I am not sure where you are looking at placing the structures but you may want to check into regulations on the body of water first. I believe most water prohibit individuals from placing structures themselves. For obvious reasons whatever organization that is controlling that body of water normally likes to maintain them or at the least have knowledge of their placement.


----------



## johnboy111711

thats why he said


> night time drive by


----------



## TxTransplant

Quick! In the dark.....resembling a shooting........................hmmmmmmmm!


----------



## bttmline

that is right exexec, i heard about them in crappie mag but no plans or pictures.
bttmline


----------



## bkr43050

Okay, I see the "night time drive by" now. I just thought perhaps not everyone would consider the risks involved. I wouldn't want to see anyone calling us out from behind the jail bars.


----------



## KSUFLASH

no need to worry about crappie structure in Portage Lakes, my Aqua Vu has picked out many existing ones already. You can ride with me, but its gonna cost ya Gene.
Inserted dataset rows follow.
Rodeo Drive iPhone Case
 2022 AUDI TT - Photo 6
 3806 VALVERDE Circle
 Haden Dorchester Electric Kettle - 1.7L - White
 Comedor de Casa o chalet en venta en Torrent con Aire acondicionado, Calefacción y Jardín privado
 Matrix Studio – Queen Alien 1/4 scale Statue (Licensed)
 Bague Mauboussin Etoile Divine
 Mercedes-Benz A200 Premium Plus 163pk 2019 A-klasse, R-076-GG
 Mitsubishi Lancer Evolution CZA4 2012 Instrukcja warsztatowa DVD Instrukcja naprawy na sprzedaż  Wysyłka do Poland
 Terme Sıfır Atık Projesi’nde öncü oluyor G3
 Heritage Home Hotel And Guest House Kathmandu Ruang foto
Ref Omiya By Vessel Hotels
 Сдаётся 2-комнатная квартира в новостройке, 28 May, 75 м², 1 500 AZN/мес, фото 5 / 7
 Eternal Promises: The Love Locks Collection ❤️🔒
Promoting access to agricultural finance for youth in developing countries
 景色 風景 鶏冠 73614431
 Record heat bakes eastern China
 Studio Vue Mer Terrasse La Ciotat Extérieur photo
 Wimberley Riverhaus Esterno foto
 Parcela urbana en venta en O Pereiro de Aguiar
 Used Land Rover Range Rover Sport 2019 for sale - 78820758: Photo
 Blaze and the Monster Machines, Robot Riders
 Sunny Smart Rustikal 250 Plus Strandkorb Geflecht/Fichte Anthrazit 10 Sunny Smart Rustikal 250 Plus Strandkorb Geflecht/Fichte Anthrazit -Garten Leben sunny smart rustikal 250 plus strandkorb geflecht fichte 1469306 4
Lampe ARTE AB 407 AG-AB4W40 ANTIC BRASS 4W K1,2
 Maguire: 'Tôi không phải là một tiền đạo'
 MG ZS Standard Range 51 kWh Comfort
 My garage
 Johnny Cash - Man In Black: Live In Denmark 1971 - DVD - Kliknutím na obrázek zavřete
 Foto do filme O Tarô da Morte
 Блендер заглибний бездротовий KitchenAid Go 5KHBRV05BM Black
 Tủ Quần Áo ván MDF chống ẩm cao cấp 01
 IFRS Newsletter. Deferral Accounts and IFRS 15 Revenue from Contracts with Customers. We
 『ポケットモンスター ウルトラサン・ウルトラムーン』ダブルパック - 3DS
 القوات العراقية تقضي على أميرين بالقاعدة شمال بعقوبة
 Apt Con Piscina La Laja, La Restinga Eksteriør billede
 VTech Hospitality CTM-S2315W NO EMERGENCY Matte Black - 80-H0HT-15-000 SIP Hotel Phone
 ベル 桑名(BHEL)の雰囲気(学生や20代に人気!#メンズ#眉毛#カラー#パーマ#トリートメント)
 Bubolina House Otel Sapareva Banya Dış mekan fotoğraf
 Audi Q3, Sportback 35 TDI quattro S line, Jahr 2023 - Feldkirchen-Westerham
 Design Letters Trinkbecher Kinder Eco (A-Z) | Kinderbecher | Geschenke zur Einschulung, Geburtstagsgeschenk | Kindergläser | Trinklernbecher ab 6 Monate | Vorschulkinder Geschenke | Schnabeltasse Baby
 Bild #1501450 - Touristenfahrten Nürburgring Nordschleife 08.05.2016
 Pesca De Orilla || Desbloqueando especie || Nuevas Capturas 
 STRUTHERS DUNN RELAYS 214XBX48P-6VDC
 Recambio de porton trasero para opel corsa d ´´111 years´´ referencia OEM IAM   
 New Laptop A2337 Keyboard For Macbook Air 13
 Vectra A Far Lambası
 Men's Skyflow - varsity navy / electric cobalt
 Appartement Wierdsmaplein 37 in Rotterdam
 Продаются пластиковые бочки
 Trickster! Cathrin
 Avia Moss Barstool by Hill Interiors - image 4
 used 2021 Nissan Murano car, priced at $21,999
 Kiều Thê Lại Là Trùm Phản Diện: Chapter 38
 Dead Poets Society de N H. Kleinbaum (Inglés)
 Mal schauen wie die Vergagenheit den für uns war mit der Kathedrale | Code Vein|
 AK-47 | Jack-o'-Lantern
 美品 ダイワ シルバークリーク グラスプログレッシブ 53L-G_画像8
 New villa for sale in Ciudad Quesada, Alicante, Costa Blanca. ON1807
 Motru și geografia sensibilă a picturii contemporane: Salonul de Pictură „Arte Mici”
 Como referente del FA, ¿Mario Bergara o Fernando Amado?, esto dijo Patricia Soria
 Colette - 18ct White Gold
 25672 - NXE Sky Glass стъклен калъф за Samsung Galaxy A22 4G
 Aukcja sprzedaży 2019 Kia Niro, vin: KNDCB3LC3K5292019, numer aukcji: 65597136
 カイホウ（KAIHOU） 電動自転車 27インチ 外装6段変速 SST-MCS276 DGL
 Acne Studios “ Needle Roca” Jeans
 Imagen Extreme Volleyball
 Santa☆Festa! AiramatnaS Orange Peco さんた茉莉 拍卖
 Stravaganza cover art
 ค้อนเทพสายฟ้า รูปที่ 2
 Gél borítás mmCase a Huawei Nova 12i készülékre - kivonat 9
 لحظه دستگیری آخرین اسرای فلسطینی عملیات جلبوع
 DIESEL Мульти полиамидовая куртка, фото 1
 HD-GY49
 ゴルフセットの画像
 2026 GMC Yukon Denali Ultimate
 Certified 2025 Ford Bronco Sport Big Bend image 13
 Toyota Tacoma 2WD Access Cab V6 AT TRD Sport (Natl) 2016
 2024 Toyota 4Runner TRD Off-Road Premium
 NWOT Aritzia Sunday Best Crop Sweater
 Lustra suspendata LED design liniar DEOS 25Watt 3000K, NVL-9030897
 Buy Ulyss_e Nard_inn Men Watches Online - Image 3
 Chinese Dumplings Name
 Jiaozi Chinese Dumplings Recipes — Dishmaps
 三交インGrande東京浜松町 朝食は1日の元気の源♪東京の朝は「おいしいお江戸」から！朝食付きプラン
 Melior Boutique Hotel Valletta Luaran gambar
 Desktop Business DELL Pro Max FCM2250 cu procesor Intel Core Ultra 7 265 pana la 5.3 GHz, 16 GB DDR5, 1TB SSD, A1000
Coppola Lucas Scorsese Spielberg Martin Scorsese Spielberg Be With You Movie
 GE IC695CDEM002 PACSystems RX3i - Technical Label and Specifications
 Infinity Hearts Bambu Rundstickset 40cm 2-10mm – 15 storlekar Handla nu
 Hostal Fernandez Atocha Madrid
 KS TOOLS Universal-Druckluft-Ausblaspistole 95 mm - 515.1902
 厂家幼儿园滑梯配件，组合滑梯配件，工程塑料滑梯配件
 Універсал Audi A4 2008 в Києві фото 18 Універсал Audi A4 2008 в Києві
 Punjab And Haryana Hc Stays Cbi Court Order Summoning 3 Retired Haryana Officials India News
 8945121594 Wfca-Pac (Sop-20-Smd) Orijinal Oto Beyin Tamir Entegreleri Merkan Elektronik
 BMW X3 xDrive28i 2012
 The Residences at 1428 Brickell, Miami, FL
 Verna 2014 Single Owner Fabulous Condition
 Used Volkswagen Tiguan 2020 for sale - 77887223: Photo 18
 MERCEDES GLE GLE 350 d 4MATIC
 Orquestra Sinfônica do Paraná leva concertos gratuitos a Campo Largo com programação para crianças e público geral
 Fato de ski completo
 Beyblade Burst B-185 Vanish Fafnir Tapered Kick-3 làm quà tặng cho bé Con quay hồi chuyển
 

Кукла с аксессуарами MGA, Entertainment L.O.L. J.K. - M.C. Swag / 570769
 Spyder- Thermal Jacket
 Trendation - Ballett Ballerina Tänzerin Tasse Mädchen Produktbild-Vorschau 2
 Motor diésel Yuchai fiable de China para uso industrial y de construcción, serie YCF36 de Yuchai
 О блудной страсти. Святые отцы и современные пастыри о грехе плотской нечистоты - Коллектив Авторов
flash-----------------------------out


----------



## johnboy111711

don't show everyone the spots yet, the tourney is still 2 weeks away!


----------



## rockbass

You need some help with those bttmline???


----------



## bttmline

hey rocky
i was thinking about placing some this fall to use in the spring. i have came up with an idea on making some just haven't got around to it.
tim


----------